# Kimber on TV



## Allterrain (Feb 20, 2010)

I was watching a show called Police Women of Maricopia County last night. I think it was on the Discovery channel but cant remember for sure. Anyway, its a show about police women in the police force. Two of the women on that show was carring Kimber pistols. I froze the picture when they showed them drawing there gun on a suspect and you could read Kimber on the pistol. couldnt tell what model but one of them did have a aluminum frame. i could tell by the different color body. Anyway, thought that was a plus for Kimber.

Robin


----------



## VasSigmeister (Jan 3, 2010)

That is a great show, I find it very entertaining. I will have to look more closely next time!
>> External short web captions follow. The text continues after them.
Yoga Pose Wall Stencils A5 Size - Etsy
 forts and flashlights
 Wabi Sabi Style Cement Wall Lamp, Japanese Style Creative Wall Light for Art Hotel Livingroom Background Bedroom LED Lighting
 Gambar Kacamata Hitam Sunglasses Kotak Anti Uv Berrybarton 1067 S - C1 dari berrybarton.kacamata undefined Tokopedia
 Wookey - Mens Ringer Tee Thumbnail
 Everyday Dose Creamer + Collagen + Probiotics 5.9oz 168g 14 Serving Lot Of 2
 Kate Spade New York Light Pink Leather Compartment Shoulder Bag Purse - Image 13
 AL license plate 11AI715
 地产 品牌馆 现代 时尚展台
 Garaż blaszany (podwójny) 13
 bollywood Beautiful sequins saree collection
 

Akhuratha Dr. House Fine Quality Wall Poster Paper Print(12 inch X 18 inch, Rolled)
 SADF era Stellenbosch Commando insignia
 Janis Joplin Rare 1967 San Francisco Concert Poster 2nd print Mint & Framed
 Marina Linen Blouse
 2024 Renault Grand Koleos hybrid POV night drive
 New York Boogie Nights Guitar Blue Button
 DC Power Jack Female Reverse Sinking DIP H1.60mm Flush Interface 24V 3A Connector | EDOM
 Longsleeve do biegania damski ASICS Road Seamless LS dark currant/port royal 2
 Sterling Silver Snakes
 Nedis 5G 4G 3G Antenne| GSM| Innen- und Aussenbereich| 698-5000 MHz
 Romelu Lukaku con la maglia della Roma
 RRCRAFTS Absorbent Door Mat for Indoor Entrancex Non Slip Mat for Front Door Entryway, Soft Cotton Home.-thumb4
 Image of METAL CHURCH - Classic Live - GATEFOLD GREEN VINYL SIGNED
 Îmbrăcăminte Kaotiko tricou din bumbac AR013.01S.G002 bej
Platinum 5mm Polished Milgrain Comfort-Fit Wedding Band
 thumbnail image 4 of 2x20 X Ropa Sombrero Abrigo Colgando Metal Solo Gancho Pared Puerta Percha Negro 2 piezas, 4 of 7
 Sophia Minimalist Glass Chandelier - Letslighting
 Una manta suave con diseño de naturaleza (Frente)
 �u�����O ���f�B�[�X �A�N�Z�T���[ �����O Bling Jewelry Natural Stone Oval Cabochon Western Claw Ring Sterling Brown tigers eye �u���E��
I usually try to identify the handguns used on these types of shows.


----------



## YFZsandrider (Feb 28, 2009)

The Tacoma Police Dept in Washington State issues a Kimber Pro model, of some variation, as their service weapon.


----------



## dondavis3 (Aug 2, 2009)

Hurst Texas Policemen carry Kimbers.

:smt1099


----------



## VietVet68 (Jan 10, 2010)

*On the cheap*

The city of Detroit is so broke they just switched to S%W Sigma series.


----------



## kevinm783 (Aug 9, 2009)

hey vietvet, where you located? what's your favorite shop around here?


----------



## Lethaltxn (Mar 21, 2010)

A sheriff friend of ours carries a Kimber and talked me into buying mine. He says he can's imagine carrying anything else.


----------